= Sergio Luque =

Sergio Luque is a composer of vocal, instrumental and electroacoustic music. His work often involves computer-aided algorithmic composition and stochastic processes.

His music has been performed by the Birmingham Contemporary Music Group, Les Jeunes Solistes, Garth Knox, the Nieuw Ensemble and the Schönberg Ensemble, among others, and has been presented in the United Kingdom, the Netherlands, Germany, France, Switzerland, Austria, Spain, the United States, Mexico, Cuba, El Salvador, Chile, Argentina, Japan and Australia.

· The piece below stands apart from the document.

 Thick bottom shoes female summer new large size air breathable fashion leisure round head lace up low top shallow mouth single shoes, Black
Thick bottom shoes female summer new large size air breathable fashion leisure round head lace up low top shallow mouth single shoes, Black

He has a PhD in Musical Composition from the University of Birmingham, where he studied with Jonty Harrison and Scott Wilson, and was a member of BEAST (Birmingham ElectroAcoustic Sound Theatre). During his PhD, he worked on the development of stochastic synthesis, a synthesis technique invented by Iannis Xenakis.

In 2006, he received a master's degree with Distinction in Sonology from the Institute of Sonology at the Royal Conservatory of The Hague, studying with Paul Berg and Kees Tazelaar. In 2004, he received a master's degree in Composition from the Conservatory of Rotterdam, studying with Klaas de Vries and René Uijlenhoet. He has a bachelor's degree in Composition from the Musical Studies and Research Centre (CIEM, Mexico).